Glad you enjoyed it, Alex!
Daniel,
I’ve been experimenting with Claude, ChatGPT and Gemini, doing much the same thing. I agree with you about sticking with one LLM at a time. As a writer, you can build up your own rhythm. As a LLM, it will pick up on the “map” you’re describing (what’s important to you). One question: Do any of the LLMs you’re using have specific custom instructions, either in your settings or in the project you set up? That might cover the part of the iceberg under the water. I’ve found that uploading documents that tell the LLMs who I am as a writer, what my story is about (for me / for the audience), and how I want it to work with me helps to get great results.
Because, as you’ve noted, this isn’t a great result. It’s… okay. Okay enough to be and experiment. But as writers, we can get more out of AI.

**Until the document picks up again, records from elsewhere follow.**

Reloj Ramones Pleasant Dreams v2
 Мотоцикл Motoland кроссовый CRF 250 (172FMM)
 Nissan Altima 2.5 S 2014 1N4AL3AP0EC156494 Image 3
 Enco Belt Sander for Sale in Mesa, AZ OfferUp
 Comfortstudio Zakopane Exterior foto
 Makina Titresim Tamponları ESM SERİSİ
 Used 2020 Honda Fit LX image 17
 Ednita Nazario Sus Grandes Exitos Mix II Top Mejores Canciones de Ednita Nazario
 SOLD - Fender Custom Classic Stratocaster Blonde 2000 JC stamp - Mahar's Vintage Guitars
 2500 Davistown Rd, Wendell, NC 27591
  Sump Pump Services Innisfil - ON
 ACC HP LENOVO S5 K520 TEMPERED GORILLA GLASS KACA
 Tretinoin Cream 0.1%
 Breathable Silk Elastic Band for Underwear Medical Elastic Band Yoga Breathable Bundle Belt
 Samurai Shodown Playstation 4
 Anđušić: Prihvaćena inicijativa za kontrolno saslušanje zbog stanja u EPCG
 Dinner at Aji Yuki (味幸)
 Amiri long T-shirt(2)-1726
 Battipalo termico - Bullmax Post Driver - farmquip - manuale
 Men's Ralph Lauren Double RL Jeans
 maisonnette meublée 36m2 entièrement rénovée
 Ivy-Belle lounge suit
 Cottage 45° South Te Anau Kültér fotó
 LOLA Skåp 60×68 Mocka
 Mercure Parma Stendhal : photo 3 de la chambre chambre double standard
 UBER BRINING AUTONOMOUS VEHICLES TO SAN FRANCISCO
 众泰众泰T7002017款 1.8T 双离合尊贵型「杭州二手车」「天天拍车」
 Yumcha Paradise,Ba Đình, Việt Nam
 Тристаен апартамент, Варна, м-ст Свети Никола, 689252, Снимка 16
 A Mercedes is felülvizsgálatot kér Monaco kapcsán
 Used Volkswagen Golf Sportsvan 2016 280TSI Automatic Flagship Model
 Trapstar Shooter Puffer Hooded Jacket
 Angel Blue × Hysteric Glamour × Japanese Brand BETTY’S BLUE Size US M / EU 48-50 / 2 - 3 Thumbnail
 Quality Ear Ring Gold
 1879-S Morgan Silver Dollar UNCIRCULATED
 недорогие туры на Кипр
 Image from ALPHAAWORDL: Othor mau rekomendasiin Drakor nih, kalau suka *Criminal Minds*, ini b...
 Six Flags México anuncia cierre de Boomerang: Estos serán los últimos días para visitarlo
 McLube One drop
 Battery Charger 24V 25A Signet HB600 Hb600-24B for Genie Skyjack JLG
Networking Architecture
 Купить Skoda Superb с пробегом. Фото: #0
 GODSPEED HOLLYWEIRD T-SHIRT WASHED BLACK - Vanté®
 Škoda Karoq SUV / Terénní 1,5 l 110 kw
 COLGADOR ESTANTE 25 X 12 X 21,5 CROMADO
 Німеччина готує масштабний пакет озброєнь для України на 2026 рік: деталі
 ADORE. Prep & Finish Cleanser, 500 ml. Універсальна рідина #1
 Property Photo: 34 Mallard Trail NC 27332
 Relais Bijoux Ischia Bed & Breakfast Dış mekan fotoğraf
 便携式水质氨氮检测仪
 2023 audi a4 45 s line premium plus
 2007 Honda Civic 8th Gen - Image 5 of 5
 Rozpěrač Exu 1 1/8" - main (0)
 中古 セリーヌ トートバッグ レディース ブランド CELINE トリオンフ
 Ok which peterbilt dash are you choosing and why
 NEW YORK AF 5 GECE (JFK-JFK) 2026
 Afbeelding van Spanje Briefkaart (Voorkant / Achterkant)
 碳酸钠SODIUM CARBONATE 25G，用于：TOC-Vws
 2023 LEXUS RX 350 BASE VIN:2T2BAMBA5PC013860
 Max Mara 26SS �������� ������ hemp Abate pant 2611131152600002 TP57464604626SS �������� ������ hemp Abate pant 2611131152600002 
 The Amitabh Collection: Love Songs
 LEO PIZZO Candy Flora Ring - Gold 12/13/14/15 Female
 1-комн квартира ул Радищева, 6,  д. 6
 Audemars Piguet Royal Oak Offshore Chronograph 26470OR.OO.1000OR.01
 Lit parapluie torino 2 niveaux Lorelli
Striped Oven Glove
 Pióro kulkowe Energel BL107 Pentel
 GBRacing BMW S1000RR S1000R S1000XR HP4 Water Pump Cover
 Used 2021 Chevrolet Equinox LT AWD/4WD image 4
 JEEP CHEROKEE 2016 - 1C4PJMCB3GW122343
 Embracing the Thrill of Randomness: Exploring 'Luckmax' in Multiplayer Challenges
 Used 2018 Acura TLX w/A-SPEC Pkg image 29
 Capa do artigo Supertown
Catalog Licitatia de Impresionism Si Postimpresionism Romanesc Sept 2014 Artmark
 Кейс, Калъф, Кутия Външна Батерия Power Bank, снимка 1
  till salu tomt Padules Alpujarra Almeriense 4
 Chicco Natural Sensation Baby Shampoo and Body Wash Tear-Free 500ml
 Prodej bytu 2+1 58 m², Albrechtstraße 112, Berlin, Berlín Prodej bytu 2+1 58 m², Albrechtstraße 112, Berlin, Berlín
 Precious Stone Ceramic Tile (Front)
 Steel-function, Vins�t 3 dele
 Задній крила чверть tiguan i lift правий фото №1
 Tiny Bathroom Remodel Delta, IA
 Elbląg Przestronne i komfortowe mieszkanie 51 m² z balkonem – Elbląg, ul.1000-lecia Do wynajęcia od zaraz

Thanks for all your great posts / work!
Hey Fred,
Thanks for sharing your experience. You've worked much more with LLMs on fiction since that's your main focus, so it's great to have your insights!
To answer your question: No, there are no custom instructions or other context beyond the prompt. (I even intentionally opened GPT-4o in "Temporary Chat" mode to prevent it from tapping into its usual memory.) That was the whole point: I wanted to test "vanilla" LLM output without attempts to feed them any world-building elements, tone-of-voice guidelines, etc.
My goal was precisely to establish whether LLMs can pass as humans "out of the box," without advanced prompting techniques, additional context, etc.
I should've probably made that clearer from the get-go.
I have no doubt that any LLM can become a much better writer with proper context, your writing style, story map, and so on.
But it's quite telling that even without all that, LLMs are no longer as easy to identify as many of us like to believe!